La multitud que se incorporaba espontáneamente a la marcha aclamaba a su nuevo Canciller, insultaba a los comunistas, profería descalificaciones contra la República de Weimar y en el ambiente se mascaba un extraño e inquietante sentimiento de temor, una atmósfera cargada de terror y violencia como se preña de pesadez el ambiente previo al estallido de la tormenta, cuando el aire apesta a ozono.

La sierpe formada por hombres y antorchas cruzaba el Tiergarten y también cruzaba, al fin, bajo de la Puerta de Brandenburgo: esto agradaba mucho a Hitler, un bonapartista convencido que, incluso, al estilo del Emperador francés, ya se planteaba la reforma del calendario alemán para conmemorar el treinta de enero de 1933 como el día del levantamiento nacional o el inicio del Nuevo Orden.

En el transcurso de la manifestación, Hermann Göring, una pieza importante del NSDAP, henchido de orgullo, anonadado de éxito, se apoderó de los micrófonos de la radio estatal de Berlín para pronunciar un discurso ampuloso, cargado de lugares comunes y adjetivos rimbombantes, de nauseabundas exaltaciones patrióticas y de loores al Partido. Al terminar le cedió la palabra a Goebbels, que se erigió en un improvisado comentarista de lo que sucedía ante sus ojos.

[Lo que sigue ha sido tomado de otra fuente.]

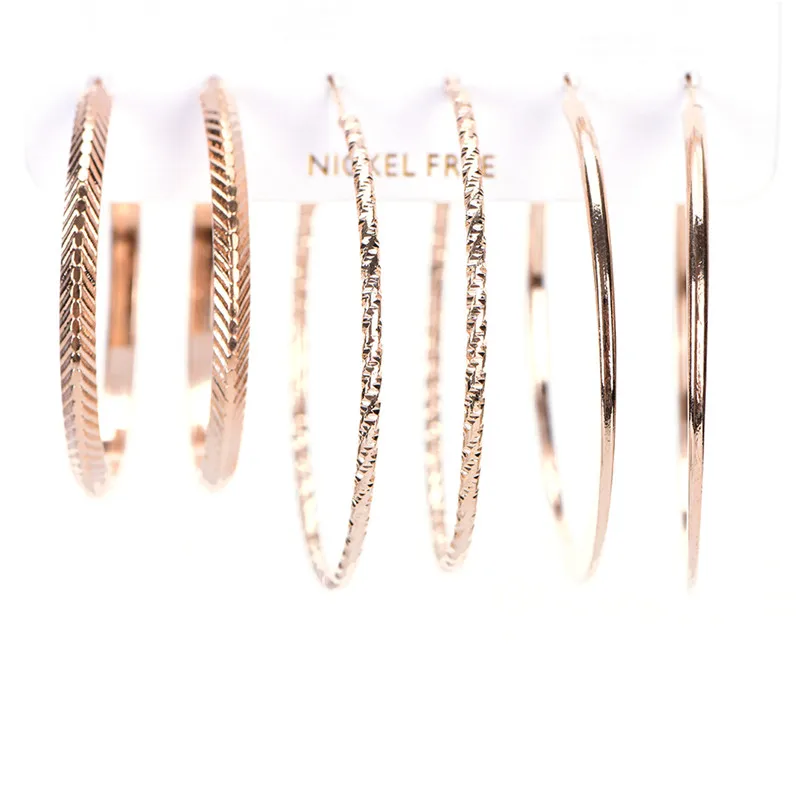 Мода 6 пар/уп. Стразы простые круглые серьги кольца для женщин гвоздики в виде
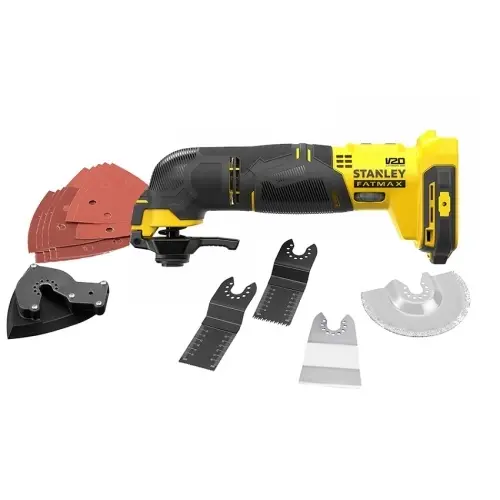 Stanley - 18V AKU oscilační multibruska s příslušenstvím,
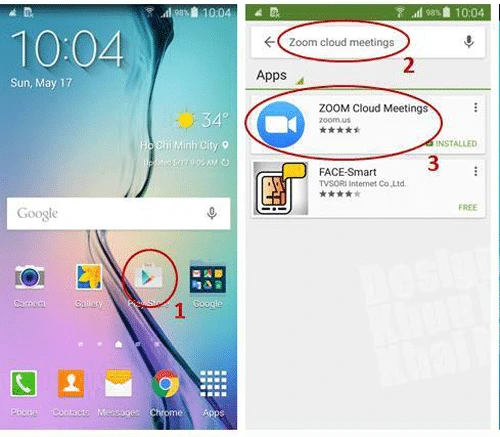 Tìm kiếm Zoom Cloud Meetings trên app store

Lo que sucedía ante los excitados ojillos de Goebbels no era sino el inmenso desfile, el acto de clamor y comunión popular en que cerca de un millón de hombres tomaban Berlín para decirle al mundo que Alemania debía volver a ser Alemania y que, de la mano del nuevo Canciller, Adolf Hitler, serían capaces de conseguirlo. Los manifestantes que alcanzaban la Wilhelmstrasse a la altura del balconcillo de Hindenburg, donde se encontraba cómodamente sentado el antañón presidente del Reich, proferían algunas palabras de cariño y admiración, si bien una gran parte del populacho integrada por el tropel de miembros de las SA que lo aborrecía optaba por callarse y conducirse con un respetuoso desdén. Su figura era demasiado venerada como para insultarla.

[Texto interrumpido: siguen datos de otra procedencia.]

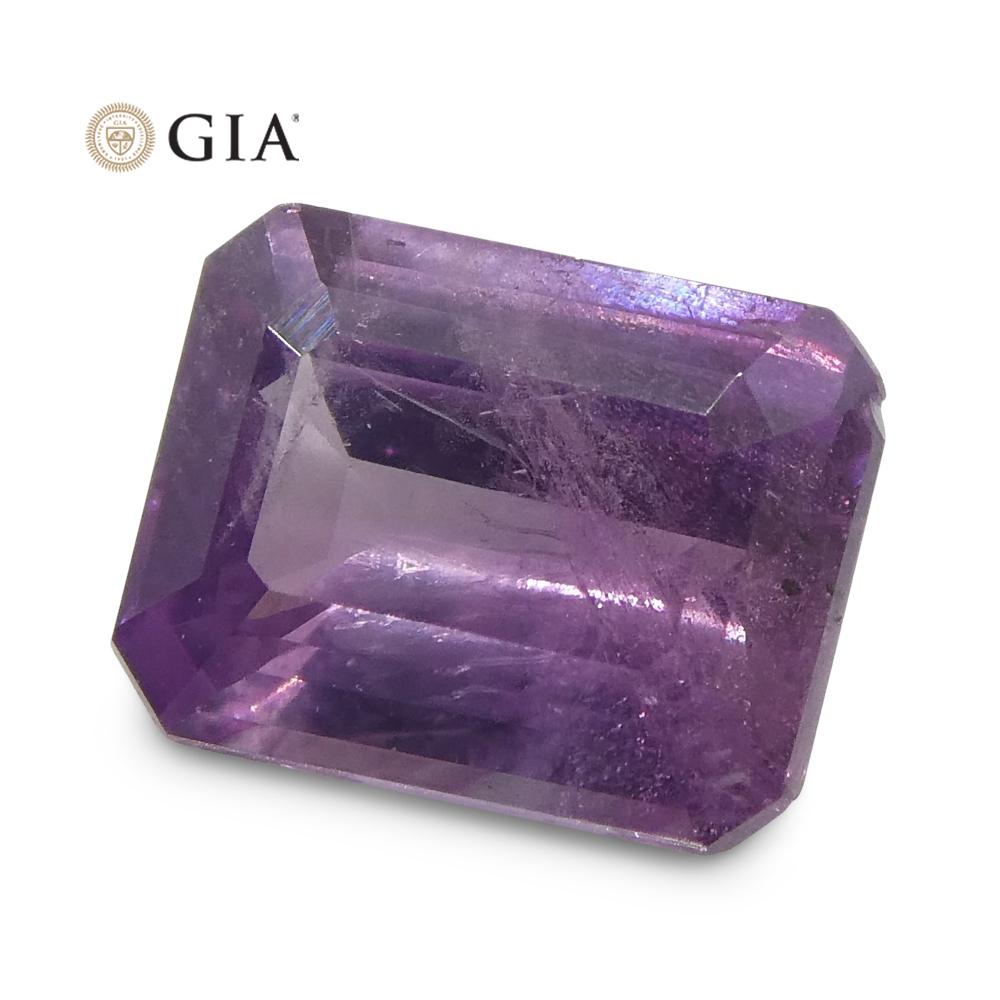 0.76ct Octagonal Pinkish Purple Sapphire GIA Certified Pakistan / Kashmir Unheated - Skyjems Wholesale Gemstones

Hindenburg contemplaba admirado el desfile, embutido en su uniforme de gala y pertrechado de un montón de brillantes condecoraciones que palpitaban a la luz del fuego de las antorchas. Le sorprendía tanta devoción por Hitler, a la par que el acto ya le empezaba a parecer interminable. Acariciaba la medianoche y él acostumbraba a recogerse sobre las siete de la tarde... Se sentía cansado, ¡pero le gustaban tanto los desfiles!

La muchedumbre llegó a la ventana en la que se asomaba un Hitler algo abrumado, como empequeñecido y contrahecho ante la magnitud del peso de su propio poder, o al menos eso era lo que aparentaba, como si de verdad fuera un hombre modesto desbordado por las circunstancias, vestido tal y como juró el cargo, con levita negra y elegante sombrero de copa. Entonces, bajo el mirador, la caterva estallaba, las hordas prorrumpían en cánticos, ovaciones, halagos, gritos frenéticos que Hitler ya experimentó esa misma tarde; justo después de que Hindenburg lo nombrase canciller regresó al Kaiserhof acompañado por las multitudes que vitoreaban entusiasmadas.

Sin embargo, no todos aclamaban al nuevo Canciller a la luz de las antorchas. En algunas terracillas, desde otras balconadas, entre la anónima multitud que se agolpaba en las aceras, muchos ciudadanos que también pertenecían al Nuevo Reich temblaban, sentían como se estrechaban sus gargantas apresadas y atenazadas por el pánico, al punto de que no eran capaces de tragar una gota de saliva ni podían articular una palabra. Tan sólo sentían el pálpito de sus alterados corazones, acelerados y asustados, latidos que articulaban un repiqueteo ensordecedor sobre las sienes.

Esa noche, multitud de judíos, comunistas, simpatizantes con la izquierda, homosexuales, artistas comprometidos, vanguardistas, enfermos crónicos, etnias y minorías, desplazados, inadaptados, asociales, retrasados mentales... temblaron, pavorosos e indefensos en los rincones más ocultos de sus casas; se sabían desamparados.